Comparing Effectiveness of Animal Feeds with Hypothesis Testing

2. (b) In a study to evaluate the effectiveness of two different animal feeds, researchers recorded the weight gains (in kilograms) of animals after fed each type of feed.

Feed A	45	48	47	50	46	49	47	48
Feed B	51	53	52	55	50	52	54	33

(i) If the two samples are considered independent, can we conclude that Feed B is more effective than Feed A at the 0.025 level of significance ?
(ii) Also examine the case if the same set of eight animals received both feeds, and test at the 0.01 level of significance. (Table enclosed)

How to Approach

The question requires applying hypothesis testing, specifically t-tests, to evaluate the effectiveness of two animal feeds under two different scenarios: independent samples and paired samples. The approach will involve calculating the t-statistic for each scenario, determining the critical t-value based on the given significance levels and degrees of freedom, and then comparing the calculated t-statistic with the critical value to draw a conclusion. It's crucial to clearly state the null and alternative hypotheses for each test.

(i) Independent Samples t-test (Two-Sample t-test)
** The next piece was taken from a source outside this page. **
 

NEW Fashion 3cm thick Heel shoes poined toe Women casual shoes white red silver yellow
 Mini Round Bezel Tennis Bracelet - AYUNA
This scenario assumes that the two groups of animals (fed Feed A and Feed B) are distinct and unrelated. We will perform a two-sample t-test to compare their mean weight gains.

Step 1: State the Hypotheses

Null Hypothesis (H₀): There is no significant difference in the mean weight gain between Feed A and Feed B. (μ_A = μ_B)
Alternative Hypothesis (H₁): Feed B is more effective than Feed A, meaning the mean weight gain for Feed B is greater than Feed A. (μ_B > μ_A)
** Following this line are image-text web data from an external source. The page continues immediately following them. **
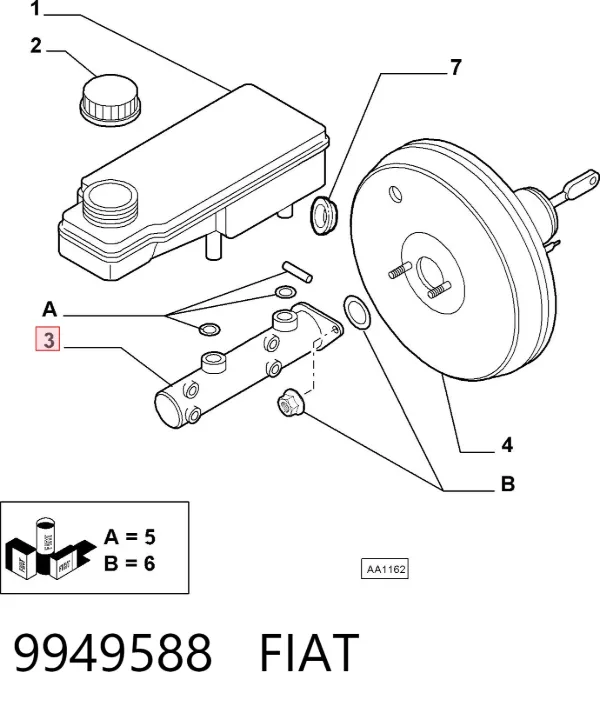 Cilindro maestro de frenos 9949588 Fiat/Alfa/Lancia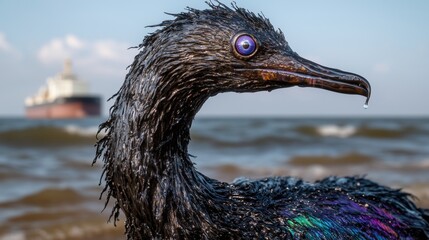 Black bird with glossy feathers near ocean waves and cargo ship in background during sunny day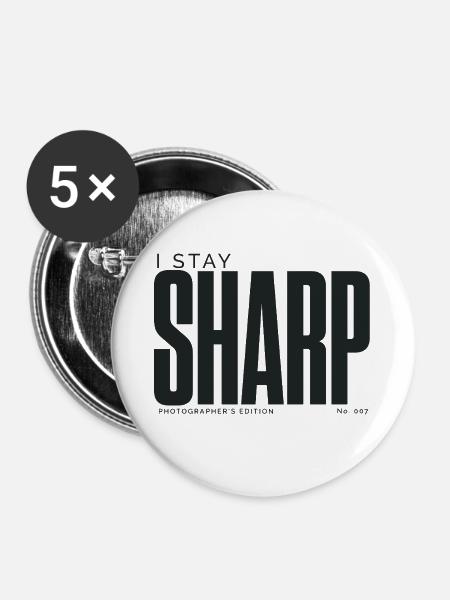 Ich bleibe wachsam | Fotografenausgabe - Buttons groß 56 mm (5er Pack) - Weiß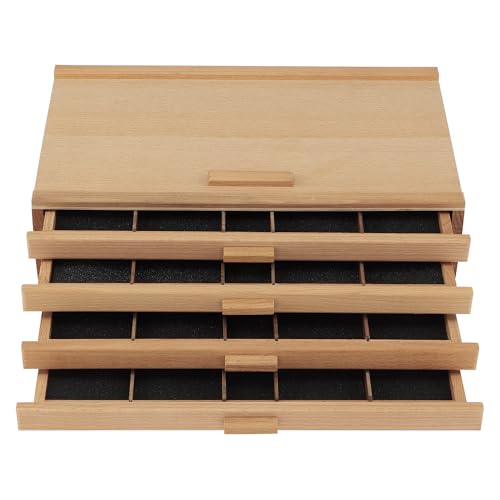 Cezanne Creative Mark Pastel Storage Box, 4-Drawer Wooden Art & Craft Supplies Organizer, Birch Wood, Brown - size: 4 Drawer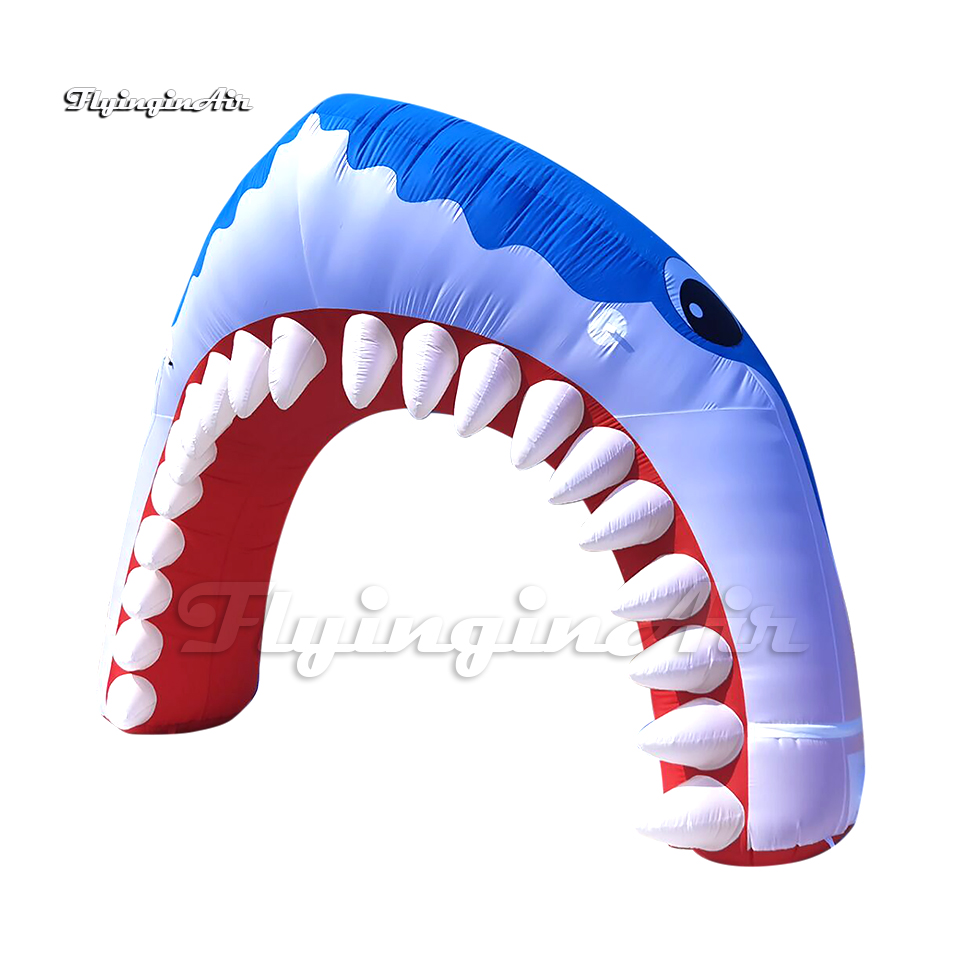 Cute Inflatable Shark Arched Door Cartoon Animal Mascot Arch Blue Blow Up Shark Mouth Tunnel With Fangs For Entrance Decoration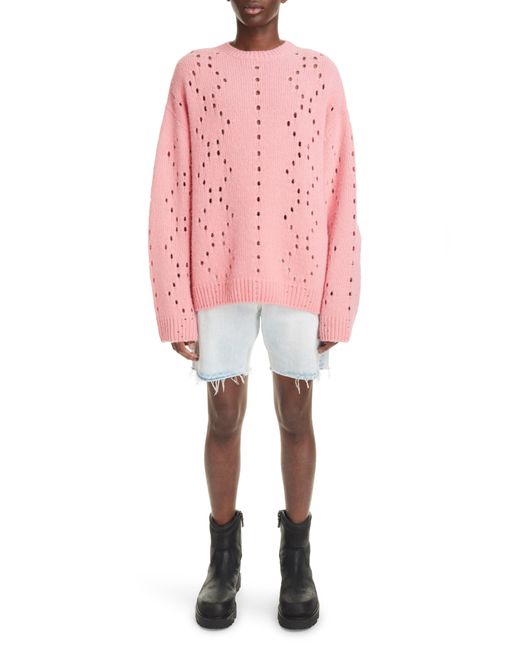 Givenchy Pink Oversize Pointelle Stitch Crewneck Sweater for men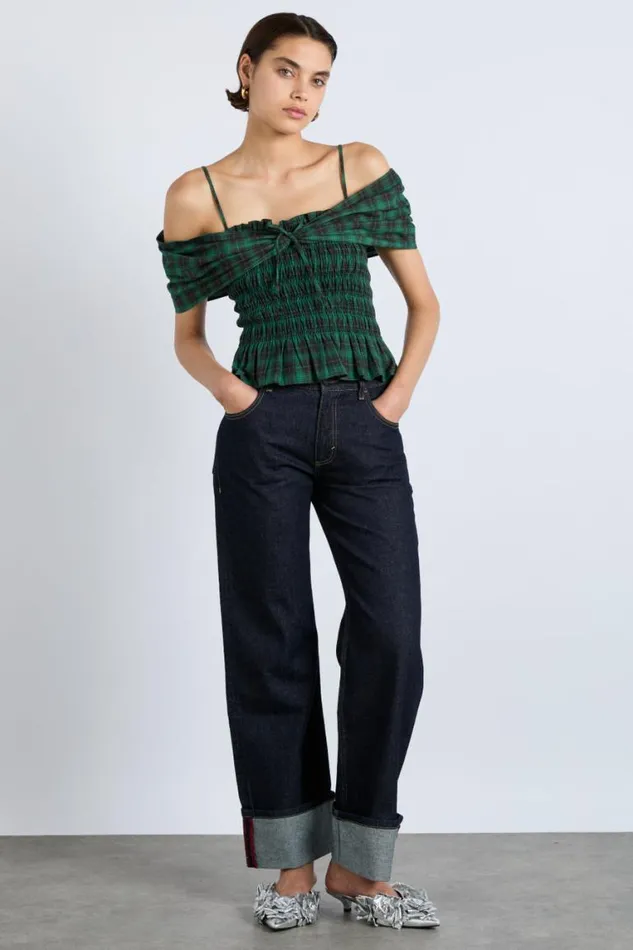 Women Damson Madder Tops Elsa Shirred Bardot Cami 8211 Green Check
This is a one-tailed test because the question specifically asks if Feed B is *more* effective.

Step 2: Calculate Sample Statistics

We first list the data for each feed:

Feed A (n_A = 8): 45, 48, 47, 50, 46, 49, 47, 48

Mean (x̄_A) = (45+48+47+50+46+49+47+48) / 8 = 380 / 8 = 47.5 kg
Sum of squared deviations from the mean (Σ(x_i - x̄_A)²)

(45-47.5)² = 6.25
(48-47.5)² = 0.25
(47-47.5)² = 0.25
(50-47.5)² = 6.25
(46-47.5)² = 2.25
(49-47.5)² = 2.25
(47-47.5)² = 0.25
(48-47.5)² = 0.25
Sum = 18

Sample Variance (s²_A) = 18 / (8-1) = 18 / 7 ≈ 2.5714

Feed B (n_B = 8): 51, 53, 52, 55, 50, 52, 54, 33

Mean (x̄_B) = (51+53+52+55+50+52+54+33) / 8 = 390 / 8 = 48.75 kg
Sum of squared deviations from the mean (Σ(x_i - x̄_B)²)

(51-48.75)² = 5.0625
(53-48.75)² = 18.0625
(52-48.75)² = 10.5625
(55-48.75)² = 39.0625
(50-48.75)² = 1.5625
(52-48.75)² = 10.5625
(54-48.75)² = 27.5625
(33-48.75)² = 248.0625
Sum = 360.5

Sample Variance (s²_B) = 360.5 / (8-1) = 360.5 / 7 ≈ 51.5

Step 3: Calculate the Pooled Standard Deviation (s_p)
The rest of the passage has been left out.